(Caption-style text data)
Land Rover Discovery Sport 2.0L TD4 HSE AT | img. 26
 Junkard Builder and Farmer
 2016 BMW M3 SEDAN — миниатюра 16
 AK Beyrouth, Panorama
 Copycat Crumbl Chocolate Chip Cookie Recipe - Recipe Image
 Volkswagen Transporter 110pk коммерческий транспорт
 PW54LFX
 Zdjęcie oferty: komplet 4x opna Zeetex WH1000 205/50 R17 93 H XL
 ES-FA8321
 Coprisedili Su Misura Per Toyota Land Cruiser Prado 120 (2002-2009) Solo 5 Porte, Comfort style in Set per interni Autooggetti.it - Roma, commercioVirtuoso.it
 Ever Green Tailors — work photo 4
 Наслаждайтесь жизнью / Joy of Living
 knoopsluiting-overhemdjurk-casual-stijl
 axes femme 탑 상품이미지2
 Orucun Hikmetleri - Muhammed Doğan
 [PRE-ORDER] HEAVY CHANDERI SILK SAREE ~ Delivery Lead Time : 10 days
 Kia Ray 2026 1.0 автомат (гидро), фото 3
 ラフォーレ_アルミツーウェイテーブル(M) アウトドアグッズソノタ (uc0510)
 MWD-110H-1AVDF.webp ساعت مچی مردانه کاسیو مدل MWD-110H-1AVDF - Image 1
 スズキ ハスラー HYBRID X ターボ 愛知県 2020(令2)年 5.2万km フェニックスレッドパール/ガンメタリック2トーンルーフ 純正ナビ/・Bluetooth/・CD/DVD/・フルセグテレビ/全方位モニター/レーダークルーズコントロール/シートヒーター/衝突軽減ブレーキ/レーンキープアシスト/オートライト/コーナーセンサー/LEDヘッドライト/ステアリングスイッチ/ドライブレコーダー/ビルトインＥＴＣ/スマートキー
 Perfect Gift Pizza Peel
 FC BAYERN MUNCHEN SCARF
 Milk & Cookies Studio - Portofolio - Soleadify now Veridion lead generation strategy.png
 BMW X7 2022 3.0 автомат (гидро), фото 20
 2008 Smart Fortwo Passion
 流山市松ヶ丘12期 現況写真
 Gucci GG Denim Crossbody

EXERCISE AIM:
Output each line exactly, from the first line of the data down to the line that contains "MWD-110H-1AVDF.webp ساعت مچی", both included.

REPLY TO THE TASK:
Land Rover Discovery Sport 2.0L TD4 HSE AT | img. 26
 Junkard Builder and Farmer
 2016 BMW M3 SEDAN — миниатюра 16
 AK Beyrouth, Panorama
 Copycat Crumbl Chocolate Chip Cookie Recipe - Recipe Image
 Volkswagen Transporter 110pk коммерческий транспорт
 PW54LFX
 Zdjęcie oferty: komplet 4x opna Zeetex WH1000 205/50 R17 93 H XL
 ES-FA8321
 Coprisedili Su Misura Per Toyota Land Cruiser Prado 120 (2002-2009) Solo 5 Porte, Comfort style in Set per interni Autooggetti.it - Roma, commercioVirtuoso.it
 Ever Green Tailors — work photo 4
 Наслаждайтесь жизнью / Joy of Living
 knoopsluiting-overhemdjurk-casual-stijl
 axes femme 탑 상품이미지2
 Orucun Hikmetleri - Muhammed Doğan
 [PRE-ORDER] HEAVY CHANDERI SILK SAREE ~ Delivery Lead Time : 10 days
 Kia Ray 2026 1.0 автомат (гидро), фото 3
 ラフォーレ_アルミツーウェイテーブル(M) アウトドアグッズソノタ (uc0510)
 MWD-110H-1AVDF.webp ساعت مچی مردانه کاسیو مدل MWD-110H-1AVDF - Image 1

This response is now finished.